No Colonialism, No Culture: Macaulay, Kipling And The Interpellation Of Indians
Talk by Qadri Ismail, University of Minnesota. 6/2/08.
This paper reads three moments in the itinerary of culture, a term foreign to the Anglo-U.S. episteme till the late nineteenth century. The first, of Macaulay, solicits an understanding of Indian/native subjectivity as both different/unchangeable and similar/transformable. The second, of the anthropologist E. B. Tylor, writing in the wake of Matthew Arnold, theorizes this distinction with the concepts race and culture, respectively. At this moment, culture is understood in universalist terms, in the singular, as an interpellative condition.

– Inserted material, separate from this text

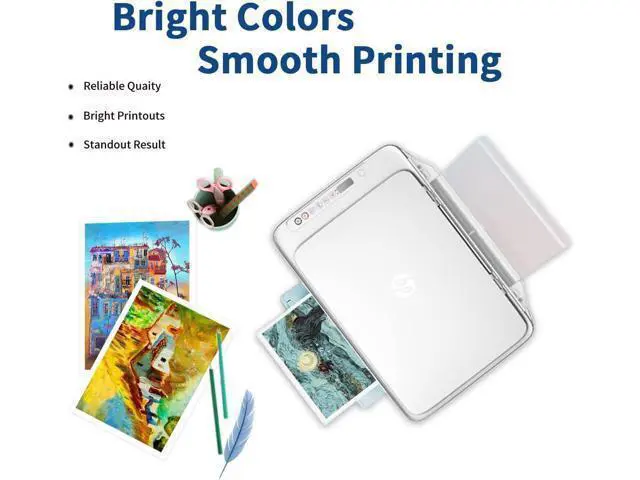 Alt view image 4 of 6 - Relcolor Replacement Ink 62 XL 62XL HP62 Cartridge Color Combo 2 Pack Envy 5540 5542 5645 5660 7640 7645 7644 OfficeJet 5740 8040 200 250 5745 Printers,Higher Yield,HP62XL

The third, the relativist/descriptive, or moment of culture in the plural, our contemporary sense of culture, is addressed through a reading of Rudyard Kipling’s Kim. The paper argues that culture, as a concept, is inseparable from the political and epistemological imperatives of colonialism; one that, therefore, postcoloniality must put into question.
Qadri Ismail is Associate Professor of English at the University of Minnesota, specializing in cultural studies, postcolonial literature, literary theory, gender/sexuality, historiography, democracy, and human rights. Recent publications include Abiding by Sri Lanka: On Peace, Place and Postcoloniality (2005) Unmaking the Nation: The Politics of Identity and History in Modern Sri Lanka (1995. Reprinted Colombo: SSA, 1997), "(Not) at Home in (Hindu) India: Shahid Amin, Dipesh Chakrabarty and the Critique of History” (2008), and "Towards a Critique of Anthropology" (2004).